Moshe Ronen - World Jewish Congress

Moshe Ronen

Member of the Executive

Moshe Ronen, Moish, is a Toronto-based lawyer, international business and strategic advisor, advocate, and prominent community leader. By age 20, Moshe was a well-known human rights activist, and subsequently, the youngest elected president the Canadian Jewish Congress and Vice President of the World Jewish Congress. Moshe later served as chair of the Canada-Israel Committee and has worked closely with several of Canada’s Prime Ministers and Premiers. Mr. Ronen currently chairs WJC’s Resolutions Committee and is a member if the Budget Commission.

Educated in Toronto at the Associated Hebrew School and The Community Hebrew Academy of Toronto, Moshe holds a degree in political science and economics from York University, and a law degree from the University of Windsor, completing his studies in Law at Osgoode Hall Law School in Toronto.

Moshe Chairs the ‘Build Your Smile Dental Foundation’, which provides free dental care and training for dentists in underprivileged countries including Uganda, Africa as well as services for women’s shelters and holocaust survivors in Canada.

Mr. Ronen also currently chairs MASPIK! - a unique and, major new, nationwide, cross organizational coalition to combat the new rise of Antisemitism.

Mr. Ronen served as Senior Consultant & Counsel to the Green family in Toronto, owners of Greenwin Property Management and Verdiroc Developments Holdings and other major business and philanthropic leaders.

Moshe is currently a director & is chairman of Norstar Inc., a publicly listed real estate holding company in Israel. Previously, he has served as a director of First Capital Realty, a major TSE publicly listed developer, owner, manager of mixed-use real estate in Canada’s major cities. He also chaired its Compensation & Governance Committee.

Mr. Ronen has professionally advised Canadian businessman and philanthropist Gerry Schwarz (ONEX). He has also served as strategic and policy advisor to Joseph Rotman, and Dr. Peter Singer in Grand Challenges Canada, a Canadian Government sponsored not for profit, operating under the auspices of the University Health Network which encourages and funds innovators in Canada and developing countries.

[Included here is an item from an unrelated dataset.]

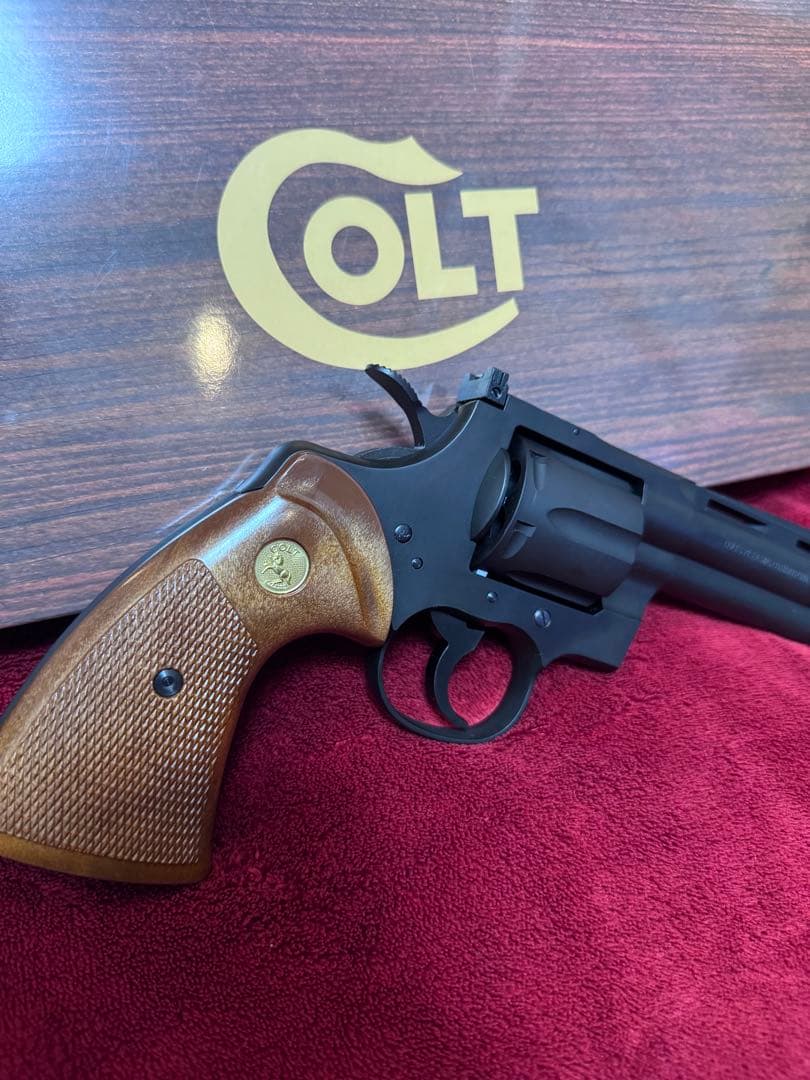 タナカワークス　コルトパイソンRモデル4インチ　モデルガン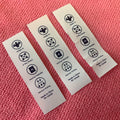Customized Printed Garments Tear Away Washing Care Labelremovable Tearaway Neck Label for Clothes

Mr. Ronen is an engaging and charismatic public speaker, debater and media commentator on Middle East issues and public affairs.

In 1996 Moshe was recognized by the Jewish National Fund with its prestigious Jerusalem of Gold Award for outstanding communal service. He was recognized by the Government of Ontario with a Volunteer Service Award in 1998, presented to that province’s most outstanding community leaders, and in 2012, was awarded the Queen’s Jubilee Medal by Canada’s Governor General on behalf of the Canadian Government.

In the 1980’s as a prominent student activist, Moshe worked closely with Avital Sharansky for the release of her husband, Natan, and other prisoners of Zion, and was active most notably at the first American-Russian super-summit, between Presidents Reagan and Gorbachev in the 1980s. In conjunction with the late Nobel Prize laureate Elie Wiesel, he led an international student protest to then-U.S. President Ronald Reagan’s 1985 visit to Bitburg, Germany’s cemetery which contained Nazi SS graves.

Ronen has worked closely on public advocacy for Israel with a number of prime ministers, cabinet ministers and opposition leaders. He also has organized and led advocacy/educational missions to Israel for Canadian government (federal, provincial and municipal), business, and labor and ethno-cultural community leaders.  

Mr. Ronen collaborated directly with former Spanish Prime Minister Jose Maria Aznar, in the latter’s ‘Friends of Israel Initiative’ and was a member of that initiative’s prestigious ‘London Forum’.
 
In early 1999, as President of the Canadian Jewish Congress, Mr. Ronen, a child of Holocaust survivors, together with his late father, Mordechai, accompanied Canada’s Prime Minister on an official visit to the Auschwitz death camp in Poland. Later, under Mr. Ronen’s advocacy leadership, Holocaust memorialization in Canada was achieved in each Canadian province, when each officially legislated and recognized Yom Hashoah as the day to mark and educate about the Holocaust.

Mr. Ronen is married to Dara. They have two children, Sari and Shye.